_Your assignment_
Print the lines in the listing below that fall between the line with "Flamingo silhouettes and" and the line with "Dusk to Dawn", those two lines included, exactly as they stand and with nothing else.

_Material for this exercise_
########################################

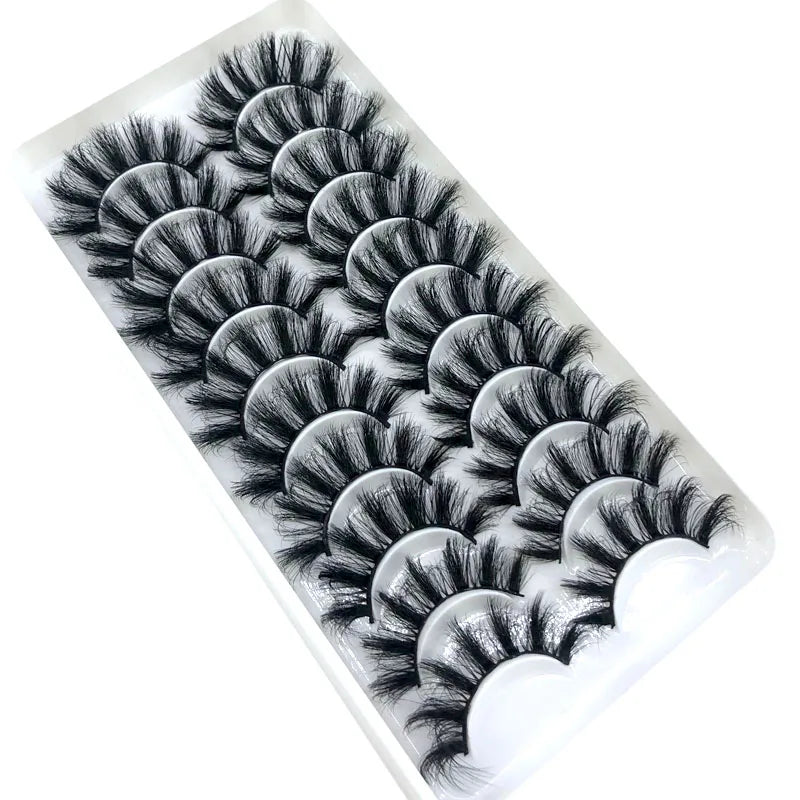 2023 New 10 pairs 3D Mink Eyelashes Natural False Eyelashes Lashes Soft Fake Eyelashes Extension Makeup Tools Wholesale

########################################

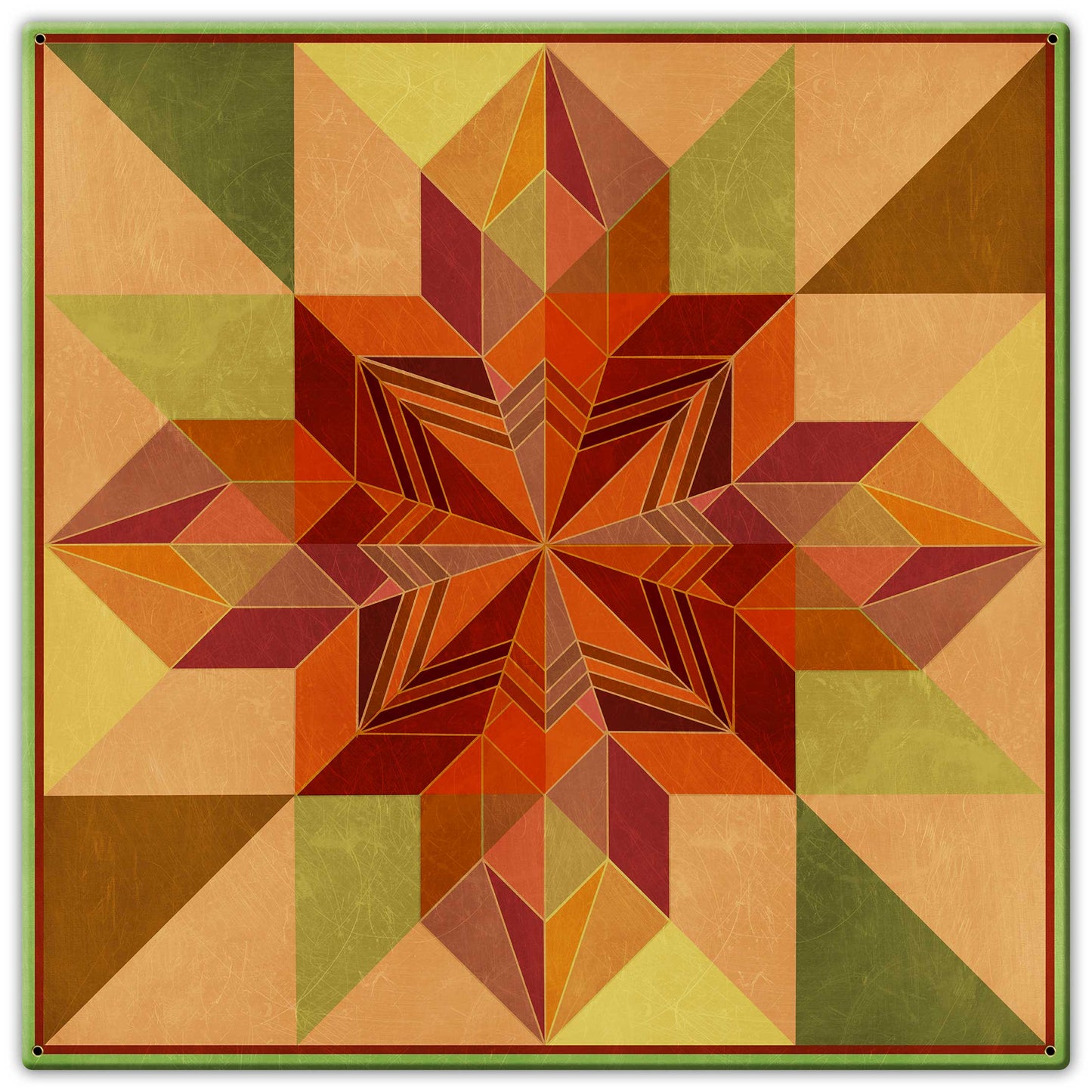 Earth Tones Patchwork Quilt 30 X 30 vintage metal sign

########################################

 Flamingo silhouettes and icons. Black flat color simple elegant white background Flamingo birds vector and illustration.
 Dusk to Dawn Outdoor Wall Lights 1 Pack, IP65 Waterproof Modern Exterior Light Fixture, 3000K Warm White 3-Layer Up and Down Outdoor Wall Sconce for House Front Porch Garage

########################################

_Answer section_
 Flamingo silhouettes and icons. Black flat color simple elegant white background Flamingo birds vector and illustration.
 Dusk to Dawn Outdoor Wall Lights 1 Pack, IP65 Waterproof Modern Exterior Light Fixture, 3000K Warm White 3-Layer Up and Down Outdoor Wall Sconce for House Front Porch Garage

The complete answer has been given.